Structured Reordering for Modeling Latent Alignments in Sequence Transduction
This addresses the issue of poor systematic generalization in neural models for sequence transduction, which is a problem for applications requiring robustness to distribution shifts, though it is incremental relative to traditional grammar-based approaches.
The paper tackled the problem of neural sequence-to-sequence models failing to generalize systematically to novel combinations of concepts, by modeling segment-to-segment alignments as discrete structured latent variables within a neural seq2seq model. The result was a model that exhibited better systematic generalization than standard models on synthetic problems and NLP tasks like semantic parsing and machine translation.
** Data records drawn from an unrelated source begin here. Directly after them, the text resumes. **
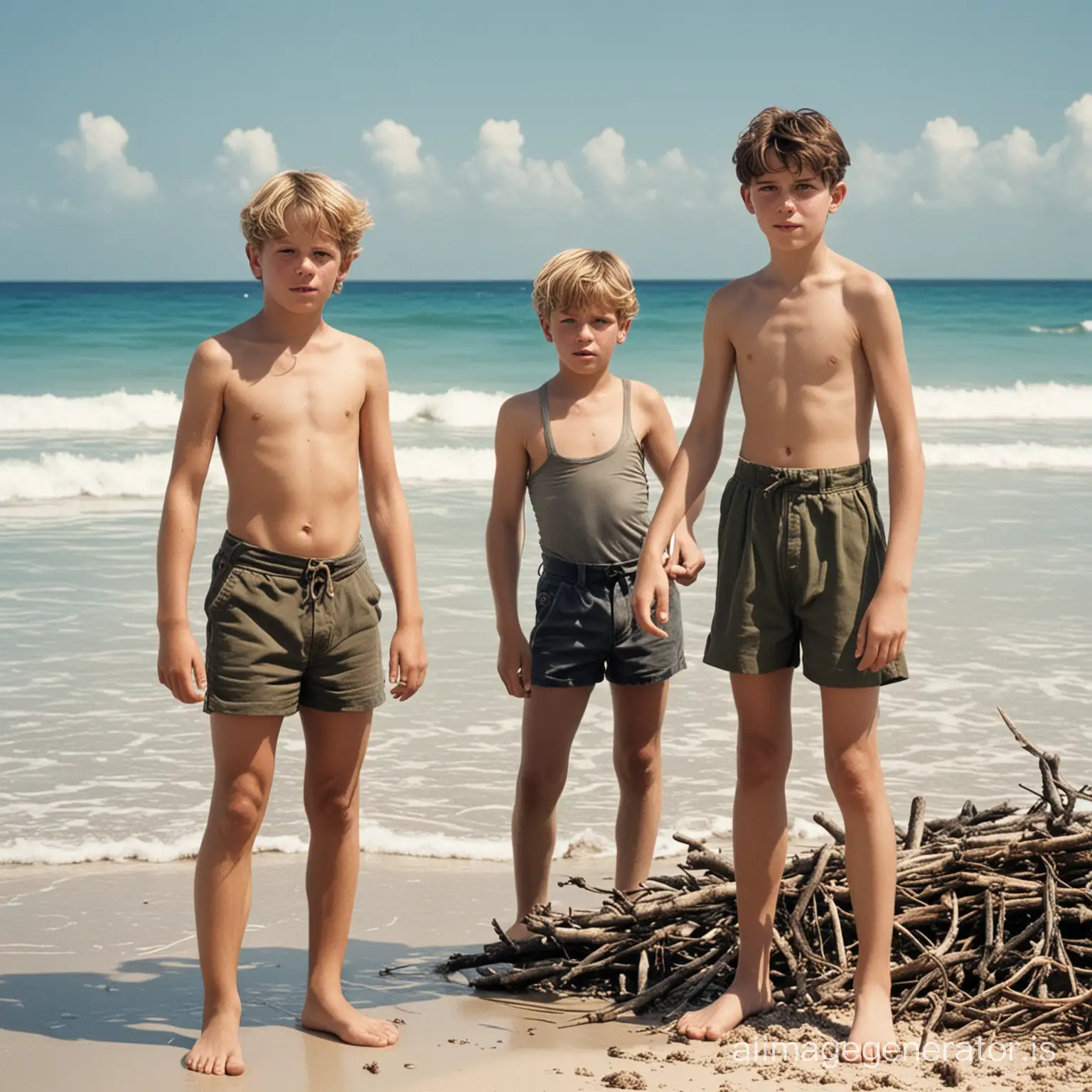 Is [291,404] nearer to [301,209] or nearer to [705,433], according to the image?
[301,209]

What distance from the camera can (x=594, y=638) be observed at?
367 centimetres

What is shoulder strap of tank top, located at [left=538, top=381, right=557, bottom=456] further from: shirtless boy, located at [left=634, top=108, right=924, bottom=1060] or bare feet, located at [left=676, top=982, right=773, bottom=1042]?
bare feet, located at [left=676, top=982, right=773, bottom=1042]

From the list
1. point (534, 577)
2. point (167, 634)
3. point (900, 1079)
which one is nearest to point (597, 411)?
point (167, 634)

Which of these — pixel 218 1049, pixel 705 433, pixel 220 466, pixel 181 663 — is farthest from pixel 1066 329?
pixel 218 1049

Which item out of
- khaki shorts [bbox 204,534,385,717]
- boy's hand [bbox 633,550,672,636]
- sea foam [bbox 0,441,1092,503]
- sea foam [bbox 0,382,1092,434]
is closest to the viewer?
khaki shorts [bbox 204,534,385,717]

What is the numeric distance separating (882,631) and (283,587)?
1282 mm

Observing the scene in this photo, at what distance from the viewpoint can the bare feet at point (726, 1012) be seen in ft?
10.2

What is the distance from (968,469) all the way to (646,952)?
12.0 m

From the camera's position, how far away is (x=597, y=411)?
12.5 ft

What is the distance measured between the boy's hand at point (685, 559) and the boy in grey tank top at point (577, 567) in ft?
0.08

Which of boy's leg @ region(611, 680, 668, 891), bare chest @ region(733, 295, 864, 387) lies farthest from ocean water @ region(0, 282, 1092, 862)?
bare chest @ region(733, 295, 864, 387)

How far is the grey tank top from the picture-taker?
12.2 ft

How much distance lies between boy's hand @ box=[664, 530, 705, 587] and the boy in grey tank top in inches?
1.0

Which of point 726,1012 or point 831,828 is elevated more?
point 831,828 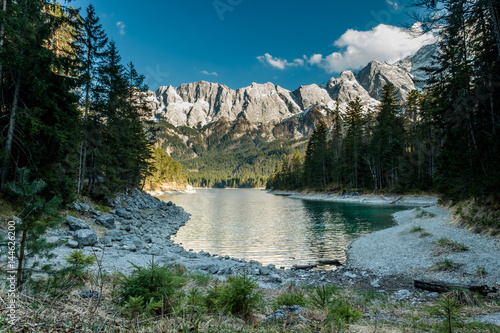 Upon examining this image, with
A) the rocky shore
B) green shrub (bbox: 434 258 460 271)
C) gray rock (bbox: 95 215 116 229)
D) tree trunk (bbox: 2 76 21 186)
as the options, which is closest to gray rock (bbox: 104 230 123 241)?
the rocky shore

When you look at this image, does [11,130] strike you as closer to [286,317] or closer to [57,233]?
[57,233]

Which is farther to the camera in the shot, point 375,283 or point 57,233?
point 57,233

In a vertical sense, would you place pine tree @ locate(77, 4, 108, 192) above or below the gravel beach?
above

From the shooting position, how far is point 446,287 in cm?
632

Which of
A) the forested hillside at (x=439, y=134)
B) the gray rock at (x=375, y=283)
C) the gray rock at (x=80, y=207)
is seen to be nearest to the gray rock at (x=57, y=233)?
the gray rock at (x=80, y=207)

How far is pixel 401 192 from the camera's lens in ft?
144

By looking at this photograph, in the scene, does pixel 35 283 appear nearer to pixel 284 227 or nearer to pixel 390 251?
pixel 390 251

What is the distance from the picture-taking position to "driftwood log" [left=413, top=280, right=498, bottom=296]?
220 inches

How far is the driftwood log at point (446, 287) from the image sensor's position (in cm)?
558

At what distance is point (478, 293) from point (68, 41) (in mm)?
25598

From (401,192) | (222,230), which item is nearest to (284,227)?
(222,230)

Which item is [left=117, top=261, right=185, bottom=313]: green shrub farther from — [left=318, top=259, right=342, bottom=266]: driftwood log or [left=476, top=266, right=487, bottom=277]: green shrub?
[left=318, top=259, right=342, bottom=266]: driftwood log

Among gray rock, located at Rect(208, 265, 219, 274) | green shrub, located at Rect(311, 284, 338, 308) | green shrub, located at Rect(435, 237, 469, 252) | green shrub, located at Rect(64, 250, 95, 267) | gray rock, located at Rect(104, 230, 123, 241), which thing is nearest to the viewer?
green shrub, located at Rect(311, 284, 338, 308)

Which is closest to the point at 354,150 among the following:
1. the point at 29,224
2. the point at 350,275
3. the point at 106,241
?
the point at 350,275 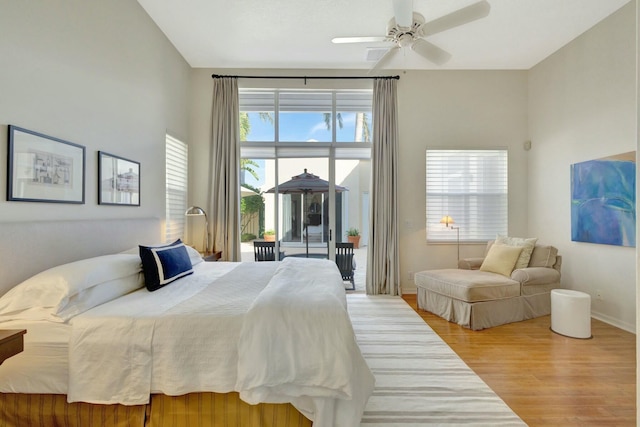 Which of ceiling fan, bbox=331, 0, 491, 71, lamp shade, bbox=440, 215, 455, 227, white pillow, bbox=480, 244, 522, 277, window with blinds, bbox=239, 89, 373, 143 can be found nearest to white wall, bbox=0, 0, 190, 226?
Result: window with blinds, bbox=239, 89, 373, 143

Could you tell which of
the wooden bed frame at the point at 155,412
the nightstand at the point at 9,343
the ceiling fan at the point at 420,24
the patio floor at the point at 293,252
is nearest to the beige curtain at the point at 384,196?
→ the patio floor at the point at 293,252

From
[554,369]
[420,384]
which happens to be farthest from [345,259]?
[554,369]

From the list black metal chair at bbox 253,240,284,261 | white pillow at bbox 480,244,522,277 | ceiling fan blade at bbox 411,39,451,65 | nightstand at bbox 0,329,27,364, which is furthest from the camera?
black metal chair at bbox 253,240,284,261

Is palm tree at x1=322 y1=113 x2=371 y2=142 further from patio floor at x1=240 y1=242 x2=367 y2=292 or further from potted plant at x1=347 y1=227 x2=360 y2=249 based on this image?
patio floor at x1=240 y1=242 x2=367 y2=292

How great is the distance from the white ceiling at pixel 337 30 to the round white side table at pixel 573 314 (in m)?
3.20

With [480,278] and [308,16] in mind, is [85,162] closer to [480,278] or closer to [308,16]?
[308,16]

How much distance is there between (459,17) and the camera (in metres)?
2.45

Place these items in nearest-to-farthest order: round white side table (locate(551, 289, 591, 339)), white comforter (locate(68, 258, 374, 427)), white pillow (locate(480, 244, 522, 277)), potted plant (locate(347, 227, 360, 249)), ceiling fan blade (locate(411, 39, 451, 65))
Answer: white comforter (locate(68, 258, 374, 427))
ceiling fan blade (locate(411, 39, 451, 65))
round white side table (locate(551, 289, 591, 339))
white pillow (locate(480, 244, 522, 277))
potted plant (locate(347, 227, 360, 249))

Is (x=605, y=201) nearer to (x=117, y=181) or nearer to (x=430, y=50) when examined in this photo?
(x=430, y=50)

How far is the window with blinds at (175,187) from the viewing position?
3.86m

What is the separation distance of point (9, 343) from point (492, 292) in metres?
3.93

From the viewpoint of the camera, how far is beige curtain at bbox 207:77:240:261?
439cm

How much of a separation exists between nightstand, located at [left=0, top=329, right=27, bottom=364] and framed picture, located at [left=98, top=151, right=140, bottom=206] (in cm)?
149

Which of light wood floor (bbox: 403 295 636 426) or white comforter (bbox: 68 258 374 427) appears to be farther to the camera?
light wood floor (bbox: 403 295 636 426) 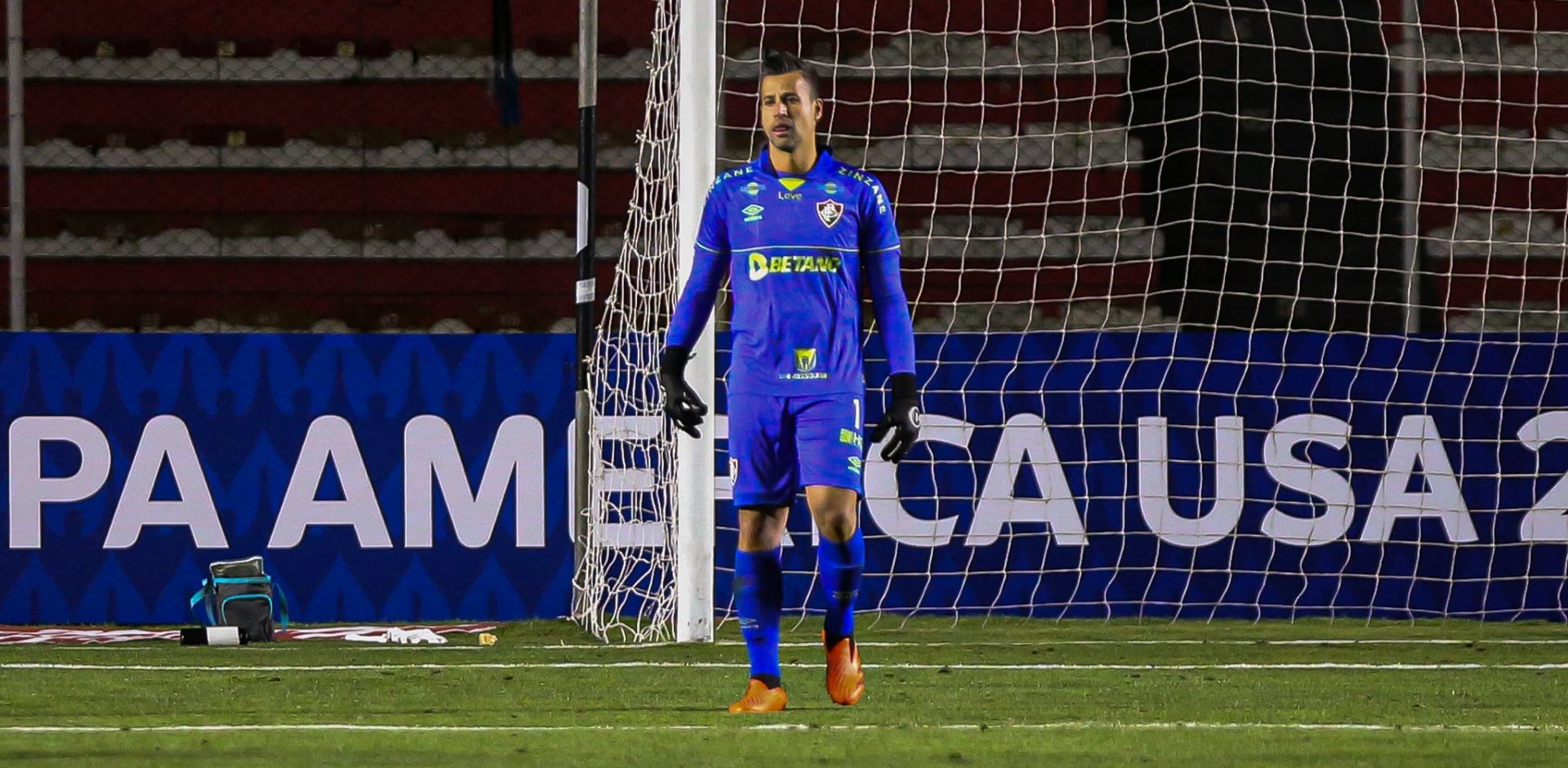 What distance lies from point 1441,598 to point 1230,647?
1.71 meters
Despite success in many domains, neural models struggle in settings where train and test examples are drawn from different distributions. In particular, in contrast to humans, conventional sequence-to-sequence (seq2seq) models fail to generalize systematically, i.e., interpret sentences representing novel combinations of concepts (e.g., text segments) seen in training. Traditional grammar formalisms excel in such settings by implicitly encoding alignments between input and output segments, but are hard to scale and maintain. Instead of engineering a grammar, we directly model segment-to-segment alignments as discrete structured latent variables within a neural seq2seq model. To efficiently explore the large space of alignments, we introduce a reorder-first align-later framework whose central component is a neural reordering module producing {\it separable} permutations. We present an efficient dynamic programming algorithm performing exact marginal inference of separable permutations, and, thus, enabling end-to-end differentiable training of our model. The resulting seq2seq model exhibits better systematic generalization than standard models on synthetic problems and NLP tasks (i.e., semantic parsing and machine translation).